Studio album by Calvin Harris
- Released: 14 August 2009
- Recorded: 2008–2009
- Studio: Earth's Core (Glasgow)
- Genres: Dance; dance-pop; electropop; house;
- Length: 52:20
- Labels: Fly Eye; Columbia;
- Producer: Calvin Harris

Calvin Harris chronology
| I Created Disco (2007) | Ready for the Weekend (2009) | 18 Months (2012) |

Singles from Ready for the Weekend
- "I'm Not Alone" Released: 6 April 2009; "Ready for the Weekend" Released: 9 August 2009; "Flashback" Released: 2 November 2009; "You Used to Hold Me" Released: 8 February 2010;

= Ready for the Weekend (album) =

2009 studio album by Calvin Harris

Ready for the Weekend is the second studio album by Scottish musician Calvin Harris, released on 14 August 2009 by Fly Eye and Columbia Records. It was preceded by the release of two singles – "I'm Not Alone" and "Ready for the Weekend". "I'm Not Alone" became Harris's first solo number one single in the United Kingdom, but his second overall following a collaboration with Dizzee Rascal in 2008. It achieved similar commercial success in other countries, debuting at number two in his native Scotland, four in Ireland, and twenty-three on the Billboard Dance/Mix Show Airplay charts in the United States.

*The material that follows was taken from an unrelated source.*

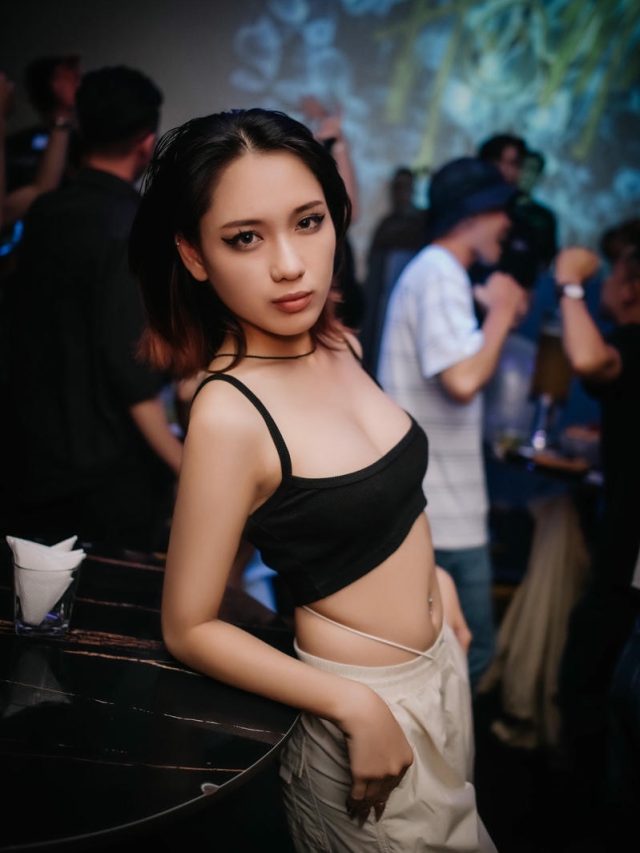 gái xinh đi bar ngầu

The album debuted at number one in on the albums charts in his native Scotland, as well as in the United Kingdom. It reached number twelve on the Billboard Top Dance Albums, and was further supported by the release of two additional singles – "Flashback" and "You Used to Hold Me".

Professional ratings
Aggregate scores
| Source | Rating |
| Metacritic | 65/100 |
Review scores
| Source | Rating |
| AllMusic | Star Half star |
| The Daily Telegraph | Star |
| Dotmusic | 7/10 |
| Evening Standard | Star |
| The Guardian | Star |
| The Independent | Star |
| musicOMH | Star |
| NME | 7/10 |
| Spin | Star |
| Under the Radar | 4/10 |

==Background==
Harris had been working on the album since the release of his debut album, I Created Disco, with the first tracks being recorded in 2008. In April 2008, Harris stated that the only existing copy of his then-upcoming album was lost when his laptop was misplaced during the baggage handling problems at the opening of London Heathrow Terminal 5. He later stated on the BBC's Glastonbury Festival 2008 coverage that he got his baggage back including the album within a few days. However, Harris ultimately admitted in April 2009 that this was a lie as the album was not in his luggage at all, and that he hoped that what he said would give him more time to finish recording the album. The album track, "Yeah Yeah Yeah La La La", was used in a Coca-Cola advertisement in mid-2009.

Harris described the single "I'm Not Alone" as a "stadium dance tune", with Mike Diver from the BBC praising "its transition from sombre lyric and acoustic strum to massive big beats is complete" and said "it’s easy to visualise thousands of people absolutely losing their minds to it". It became Harris's first number one single in the United Kingdom, and was later certified Platinum by the British Phonographic Industry (BPI) in the United Kingdom, indicating sales in excess of 600,000 copies. It subsequently finished 2009 as the 23rd best selling single of the year in the United Kingdom. It also achieved commercial success in his native Scotland, peaking at number two on the national singles charts, as well as reaching the top ten in Ireland, the Netherlands and Belgium. The albums title track was released as the second single the week prior to the albums release.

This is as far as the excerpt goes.